Cialdini et al., tested this theory by asking subjects for a big favor, followed by a smaller favor. Respondents who were primed with the big favor were far more likely to respond affirmatively than were subjects who were asked only for the small favor.
The priming — that door-in-the-face — ideally increased the likelihood of a “yes” on the second go.
8. Make every choice easy.
Every choice is an effort that drains a little bit of mental power every time.
The more decisions we make as the day goes on, the less ability we have to make good ones.
Take the well-known case of an Israeli court. Researchers found that prisoners who appeared before the court early in the morning received parole 70% of the time. But prisoners who appeared at the end of the day got parole only 10% of the time.
Why? Because the judges had made so many decisions that by the time 5 o'clock rolled around, they were getting tired. They weren’t being lazy. They were just decisioned out.

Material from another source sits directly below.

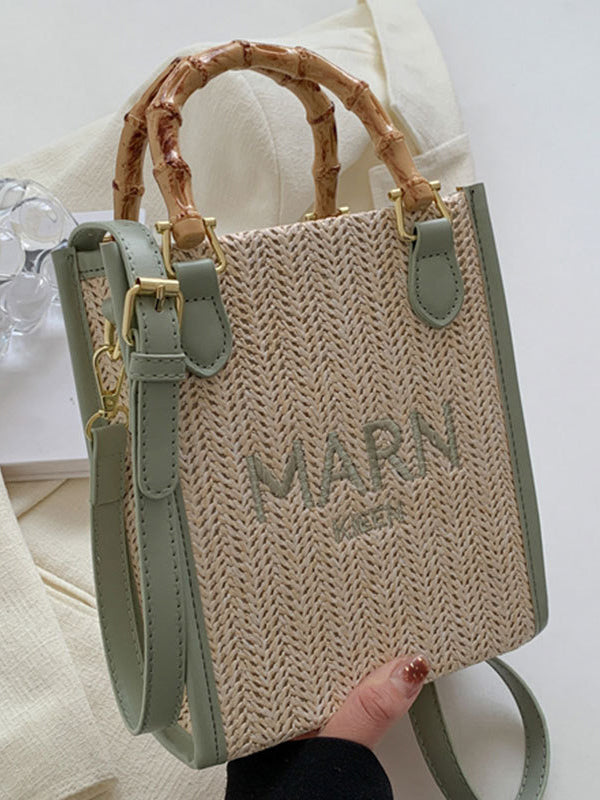 xakxx Embroidered Woven Bags Crossbody Bags Handbags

Decision fatigue is real, and it makes an impact on every area of life. President Obama has a limited amount of decision-making ability by which he must guide the nation’s policies. To save his decision-making power, he always wears the same suit. Why? So he won’t have to waste precious decision power on the decision between dark gray or dark blue (unless he wears a tan one).

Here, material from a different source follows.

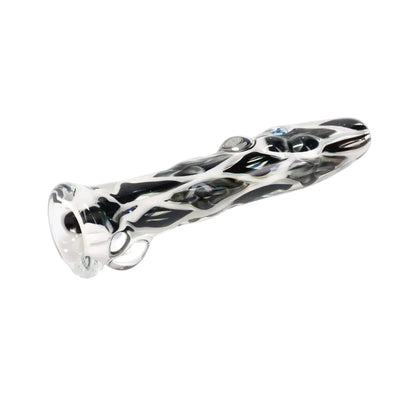 Rotational Science Glass Diamond Line Black and White Onie
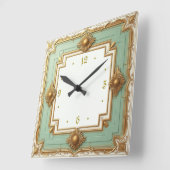 Horloge Carrée Art Déco (Angle)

Brain power is a resource. Your goal in the conversion funnel is to reduce the amount of decision-making by your customers. The less you tax their mental resource, the more likely they are to use that brain power for punching in their credit card info at the end.
Audible has a great strategy. Just two choices.
MixPanel has an awful strategy. Too many choices.
And Karma is even better. One choice. One.
9. Tell them which one to buy.
All too often, we’re scared of telling people what to do.
In reality, most people want to be told what to do.
And you’re the one to tell them. If they are in a conversion-ready position, then you need to coax them along to make the best decision.
Have you ever seen this happen in a restaurant?
Guest: “Hmm. I don’t know. What do you recommend?”
Waiter, thinking about her tip: “Oh, I really like the strip steak paired with the Chateau Margaux 2009.” (Price: $190)
Guest: “Oh, that sounds good. I’ll get that. Medium rare, please.”
Just tell them what to do, and they’ll do it.
Persuasion is good, but sometimes directives work better.
You can, of course, be subtle. The “most popular” tag above the middle price is one such example of a subtle directive.
Xero does the same thing.
A similar nudge comes by differentiated design, as in the case of ZenDesk’s vivid green middle choice.
Pricing is about smart. It’s about strategy. It’s about psychology.
When it’s time to hammer out pricing, place the discussion of profit margins and pie charts off to the side, just for a minute.
Instead, think about the tips, tricks, hacks and psychological insights that can take a pricing page from bland to brilliant. Just one of these tricks can make you that much more profitable.